- [Supplied records]
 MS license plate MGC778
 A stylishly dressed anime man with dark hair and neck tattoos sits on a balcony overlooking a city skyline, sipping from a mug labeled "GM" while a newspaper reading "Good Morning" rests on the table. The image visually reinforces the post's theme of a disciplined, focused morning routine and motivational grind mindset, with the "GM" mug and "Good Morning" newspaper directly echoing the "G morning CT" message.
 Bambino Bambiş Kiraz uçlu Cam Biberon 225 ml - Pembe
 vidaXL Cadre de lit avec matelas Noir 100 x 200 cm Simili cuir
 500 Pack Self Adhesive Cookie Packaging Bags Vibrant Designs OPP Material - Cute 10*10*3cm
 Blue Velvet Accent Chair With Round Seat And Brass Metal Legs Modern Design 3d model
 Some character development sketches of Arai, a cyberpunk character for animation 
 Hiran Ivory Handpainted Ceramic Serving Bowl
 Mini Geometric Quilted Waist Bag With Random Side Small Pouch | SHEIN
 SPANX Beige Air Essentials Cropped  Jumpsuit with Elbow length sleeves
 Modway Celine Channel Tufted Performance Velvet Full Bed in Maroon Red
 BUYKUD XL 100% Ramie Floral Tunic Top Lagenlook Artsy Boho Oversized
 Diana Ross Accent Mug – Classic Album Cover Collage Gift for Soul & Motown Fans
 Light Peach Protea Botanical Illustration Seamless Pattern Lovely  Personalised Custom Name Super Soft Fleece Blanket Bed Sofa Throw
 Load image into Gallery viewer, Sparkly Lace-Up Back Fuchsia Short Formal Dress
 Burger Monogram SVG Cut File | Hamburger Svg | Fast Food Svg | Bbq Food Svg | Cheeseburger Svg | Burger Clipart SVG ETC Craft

- [Exercise description]
The required answer is the line with "Load image into" plus every line after it to the end of the entries above, transcribed exactly.

- [Written reply]
 Load image into Gallery viewer, Sparkly Lace-Up Back Fuchsia Short Formal Dress
 Burger Monogram SVG Cut File | Hamburger Svg | Fast Food Svg | Bbq Food Svg | Cheeseburger Svg | Burger Clipart SVG ETC Craft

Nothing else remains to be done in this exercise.